# What you need to do
Would you please repeat exactly the entries below, starting at the line with "Ada Foah village" and ending at the line with "0.5 Acres of", and nothing outside that range? Leave out the pictures.

# Record excerpts

[Start of section]

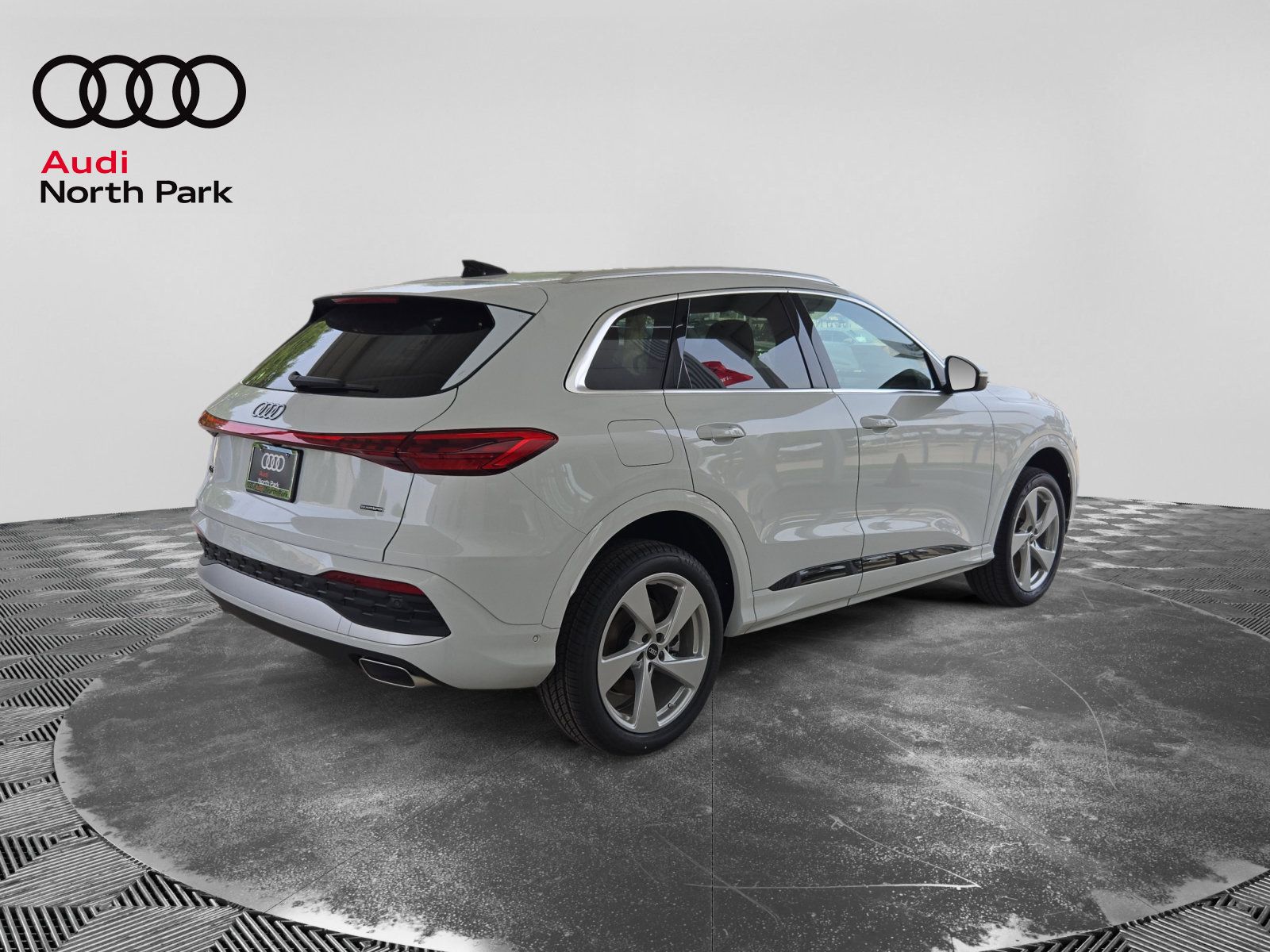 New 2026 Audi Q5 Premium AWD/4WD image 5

[End of section]
[Start of section]

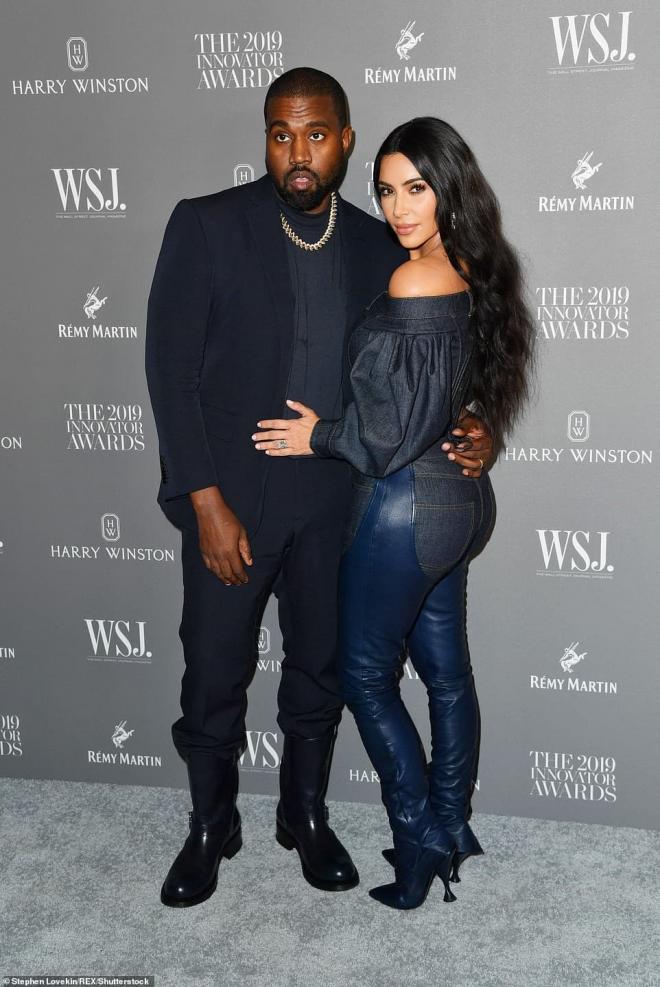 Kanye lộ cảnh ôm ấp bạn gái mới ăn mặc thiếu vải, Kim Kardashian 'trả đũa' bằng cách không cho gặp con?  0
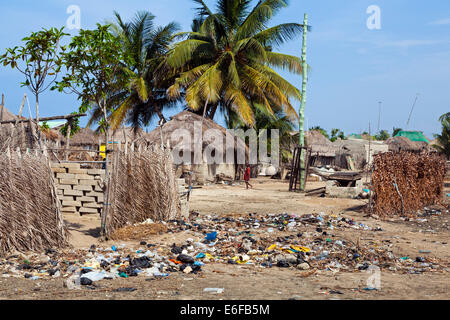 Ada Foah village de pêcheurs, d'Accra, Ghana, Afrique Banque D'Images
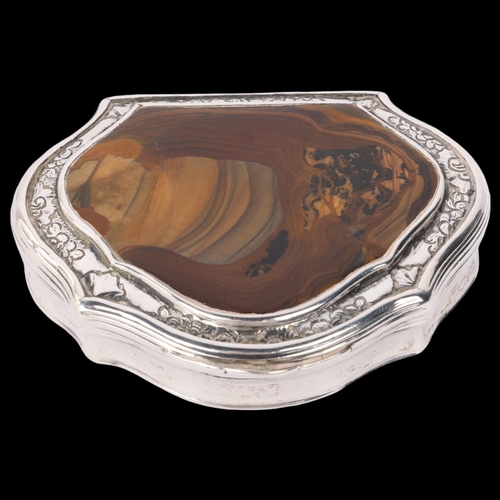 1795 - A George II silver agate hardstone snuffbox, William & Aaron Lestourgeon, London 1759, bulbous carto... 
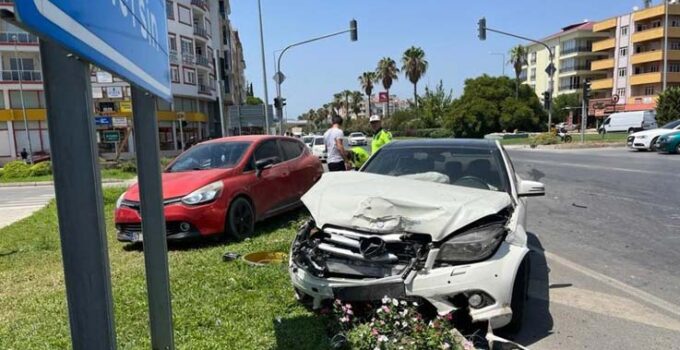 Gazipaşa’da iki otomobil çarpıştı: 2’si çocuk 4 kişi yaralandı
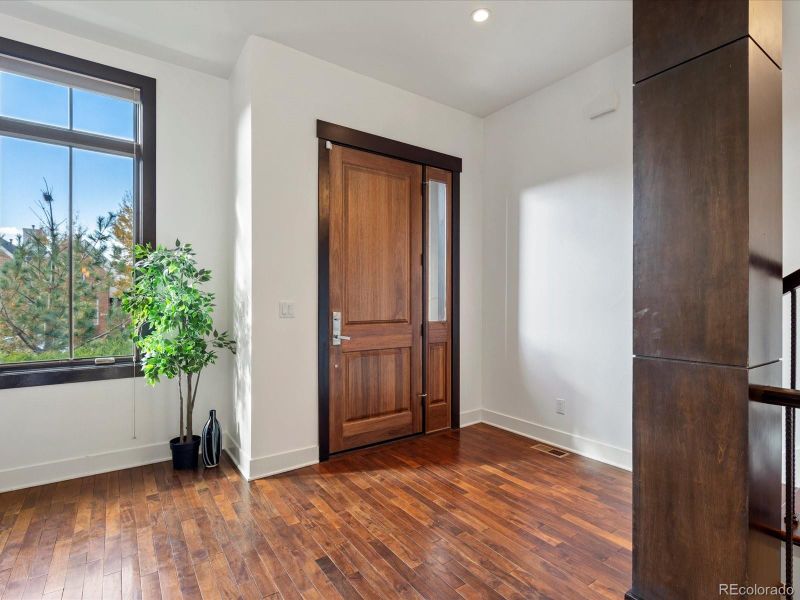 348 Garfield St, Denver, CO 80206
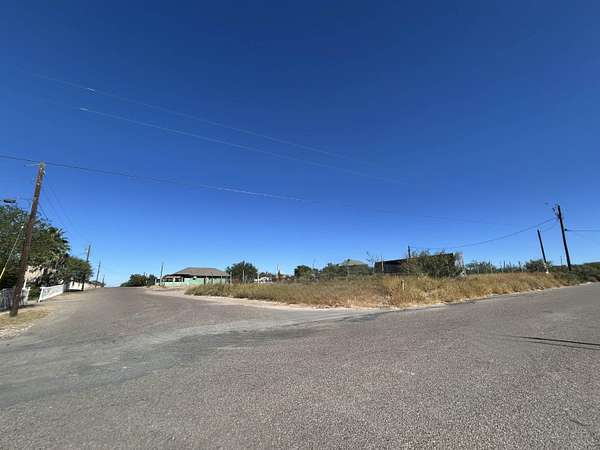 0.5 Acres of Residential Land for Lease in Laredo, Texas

[End of section]

# Task output
 Ada Foah village de pêcheurs, d'Accra, Ghana, Afrique Banque D'Images
 1795 - A George II silver agate hardstone snuffbox, William & Aaron Lestourgeon, London 1759, bulbous carto... 
 Gazipaşa’da iki otomobil çarpıştı: 2’si çocuk 4 kişi yaralandı
 348 Garfield St, Denver, CO 80206
 0.5 Acres of Residential Land for Lease in Laredo, Texas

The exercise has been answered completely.